■ Requirement ■
Reproduce the entries shown below only from the line with "6 Stück 8,7" down to the line with "Laden Sie das", keeping both end lines and copying each one exactly.

■ Task data ■
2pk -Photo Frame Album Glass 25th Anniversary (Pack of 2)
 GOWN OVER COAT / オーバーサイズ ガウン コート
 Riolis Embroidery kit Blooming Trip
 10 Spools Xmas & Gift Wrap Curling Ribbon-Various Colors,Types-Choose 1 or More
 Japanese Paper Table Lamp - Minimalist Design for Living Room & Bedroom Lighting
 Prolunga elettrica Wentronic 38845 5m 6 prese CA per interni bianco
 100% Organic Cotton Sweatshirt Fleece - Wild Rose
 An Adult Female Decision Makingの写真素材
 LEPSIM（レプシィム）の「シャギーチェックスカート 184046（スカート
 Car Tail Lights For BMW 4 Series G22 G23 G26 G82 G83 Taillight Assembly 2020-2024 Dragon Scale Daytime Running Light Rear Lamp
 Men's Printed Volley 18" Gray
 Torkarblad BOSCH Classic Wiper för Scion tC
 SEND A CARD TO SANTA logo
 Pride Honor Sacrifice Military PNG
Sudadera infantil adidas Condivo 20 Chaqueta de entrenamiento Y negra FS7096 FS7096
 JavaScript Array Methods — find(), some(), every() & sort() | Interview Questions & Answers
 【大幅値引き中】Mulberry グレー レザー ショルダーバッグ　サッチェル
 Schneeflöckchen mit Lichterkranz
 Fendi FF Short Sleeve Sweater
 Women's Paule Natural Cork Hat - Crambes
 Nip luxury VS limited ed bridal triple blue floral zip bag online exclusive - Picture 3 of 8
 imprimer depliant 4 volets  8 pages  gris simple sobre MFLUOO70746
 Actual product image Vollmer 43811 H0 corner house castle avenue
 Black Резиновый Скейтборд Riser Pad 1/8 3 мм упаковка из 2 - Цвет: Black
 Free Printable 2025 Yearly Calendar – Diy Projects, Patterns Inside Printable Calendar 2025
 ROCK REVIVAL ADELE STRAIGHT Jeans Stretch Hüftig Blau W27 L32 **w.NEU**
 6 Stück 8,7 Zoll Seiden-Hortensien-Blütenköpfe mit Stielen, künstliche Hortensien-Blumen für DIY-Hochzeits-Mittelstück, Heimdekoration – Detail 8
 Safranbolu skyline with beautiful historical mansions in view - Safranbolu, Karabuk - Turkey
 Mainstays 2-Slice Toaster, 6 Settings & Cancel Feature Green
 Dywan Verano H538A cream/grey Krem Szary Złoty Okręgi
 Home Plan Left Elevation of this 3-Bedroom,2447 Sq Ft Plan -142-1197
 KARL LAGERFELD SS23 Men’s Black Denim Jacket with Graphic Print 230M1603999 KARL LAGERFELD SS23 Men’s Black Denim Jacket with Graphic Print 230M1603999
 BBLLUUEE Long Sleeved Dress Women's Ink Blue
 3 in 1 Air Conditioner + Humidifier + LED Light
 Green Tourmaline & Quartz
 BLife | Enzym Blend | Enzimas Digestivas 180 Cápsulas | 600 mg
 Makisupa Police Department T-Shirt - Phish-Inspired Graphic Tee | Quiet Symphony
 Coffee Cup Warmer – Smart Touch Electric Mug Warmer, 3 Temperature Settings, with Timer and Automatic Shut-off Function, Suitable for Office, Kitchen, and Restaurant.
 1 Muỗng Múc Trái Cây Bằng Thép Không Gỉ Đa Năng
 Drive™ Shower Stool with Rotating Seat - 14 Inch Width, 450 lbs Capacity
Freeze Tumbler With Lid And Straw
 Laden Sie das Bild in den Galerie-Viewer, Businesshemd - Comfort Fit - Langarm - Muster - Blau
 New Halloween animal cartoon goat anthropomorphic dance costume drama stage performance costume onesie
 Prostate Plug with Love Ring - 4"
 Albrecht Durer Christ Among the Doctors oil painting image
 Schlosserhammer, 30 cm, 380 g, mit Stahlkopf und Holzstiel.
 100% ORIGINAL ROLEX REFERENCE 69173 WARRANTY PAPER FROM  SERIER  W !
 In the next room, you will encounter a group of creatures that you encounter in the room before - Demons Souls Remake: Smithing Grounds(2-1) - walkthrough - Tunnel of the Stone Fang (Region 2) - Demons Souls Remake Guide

■ Expected answer ■
 6 Stück 8,7 Zoll Seiden-Hortensien-Blütenköpfe mit Stielen, künstliche Hortensien-Blumen für DIY-Hochzeits-Mittelstück, Heimdekoration – Detail 8
 Safranbolu skyline with beautiful historical mansions in view - Safranbolu, Karabuk - Turkey
 Mainstays 2-Slice Toaster, 6 Settings & Cancel Feature Green
 Dywan Verano H538A cream/grey Krem Szary Złoty Okręgi
 Home Plan Left Elevation of this 3-Bedroom,2447 Sq Ft Plan -142-1197
 KARL LAGERFELD SS23 Men’s Black Denim Jacket with Graphic Print 230M1603999 KARL LAGERFELD SS23 Men’s Black Denim Jacket with Graphic Print 230M1603999
 BBLLUUEE Long Sleeved Dress Women's Ink Blue
 3 in 1 Air Conditioner + Humidifier + LED Light
 Green Tourmaline & Quartz
 BLife | Enzym Blend | Enzimas Digestivas 180 Cápsulas | 600 mg
 Makisupa Police Department T-Shirt - Phish-Inspired Graphic Tee | Quiet Symphony
 Coffee Cup Warmer – Smart Touch Electric Mug Warmer, 3 Temperature Settings, with Timer and Automatic Shut-off Function, Suitable for Office, Kitchen, and Restaurant.
 1 Muỗng Múc Trái Cây Bằng Thép Không Gỉ Đa Năng
 Drive™ Shower Stool with Rotating Seat - 14 Inch Width, 450 lbs Capacity
Freeze Tumbler With Lid And Straw
 Laden Sie das Bild in den Galerie-Viewer, Businesshemd - Comfort Fit - Langarm - Muster - Blau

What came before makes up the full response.